The recent acquisition of the Round Hill Music Royalty Fund (LON: RHM) by Alchemy Copyrights at a 67% premium to the share price has reignited interest in this unusual area of the markets. It has left the £1.1bn Hipgnosis Songs (LON: SONG) as the only remaining investment trust in the sector and sparked a debate about its valuation.
Like many other income generating trusts, SONG has de-rated sharply in the last year or so and has slipped to a discount to NAV of around 40%. The price agreed for Round Hill was equivalent to a discount of 11.5%, which if applied to Hipgnosis would imply a value of about 132 pence per share, well above the current price of 81p.

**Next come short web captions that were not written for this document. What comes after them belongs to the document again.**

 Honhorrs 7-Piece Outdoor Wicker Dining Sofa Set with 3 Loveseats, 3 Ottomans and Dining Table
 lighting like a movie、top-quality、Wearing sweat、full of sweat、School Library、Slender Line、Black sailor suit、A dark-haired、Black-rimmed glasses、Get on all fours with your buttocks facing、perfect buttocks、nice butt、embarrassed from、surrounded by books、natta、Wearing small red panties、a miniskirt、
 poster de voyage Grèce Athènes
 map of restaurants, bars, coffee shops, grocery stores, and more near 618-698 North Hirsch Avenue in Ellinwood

Unfortunately there seems very little chance of realising anything like this after SONG’s underwhelming response to the Round Hill bid. The Board was already under pressure given the approaching continuation vote, but the details announced last week were badly received by the market and have opened up some serious questions about corporate governance at the fund.

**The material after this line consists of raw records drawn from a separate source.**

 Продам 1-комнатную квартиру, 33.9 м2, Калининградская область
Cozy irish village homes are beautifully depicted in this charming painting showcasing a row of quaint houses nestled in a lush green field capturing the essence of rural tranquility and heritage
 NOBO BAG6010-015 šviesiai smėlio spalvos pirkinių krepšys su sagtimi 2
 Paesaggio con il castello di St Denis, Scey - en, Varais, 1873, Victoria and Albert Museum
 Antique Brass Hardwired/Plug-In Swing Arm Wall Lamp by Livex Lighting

Hipgnosis has said that it will make catalogue sales for an aggregate gross consideration of $465m, almost all of which ($440m) is to a related party. If the transaction goes ahead it would allow SONG to repay some of its expensive debt − reducing gearing to less than 20% − and to finance a share buyback programme worth up to $180m.
The broker Investec says that the latter could dampen down some of the volatility in the share price and deliver accretion, although it would depend on what is considered to be the true NAV. Unfortunately the transaction implies that the company is worth little more than the IPO price of a pound a share that was set back in July 2018, with substantial value leakage to related parties that raises significant corporate governance concerns.
Looking at the details, the headline discounts on the disposals are 17.5% for the related party transaction and around 25% for the second smaller sale. After adjusting for all the various complications, Investec has come up with a pro-forma NAV of just 103.3p per share after it has all gone through, although given the environment, they say that any share price is likely to be a significant discount to this.
It looks like the deal is a lot more favourable for the investment adviser and their private fund backers than it is for the shareholders. This is perhaps not that surprising given that the smaller $25m disposal was subject to a competitive process, whereas the $440m sale was agreed bilaterally with a related party without any competition.
The acquirer of the 29 catalogues for $440m is Hipgnosis Songs Capital, a partnership between Hipgnosis Songs Management (the investment adviser to SONG) and Blackstone. These tracks will continue to be managed by Hipgnosis Songs Management and as it’s a related party transaction, it will be subject to a shareholder vote at an EGM on October 25.
Investec says that the sale fails to address the complexity of owning the administration business (Hipgnosis Songs Group) and sets an unattractive precedent for the terms of any subsequent deals with the Blackstone-backed fund. They think that the Board has fallen short and that shareholders may decide that they are better off voting against the forthcoming continuation and looking for more holistic solutions.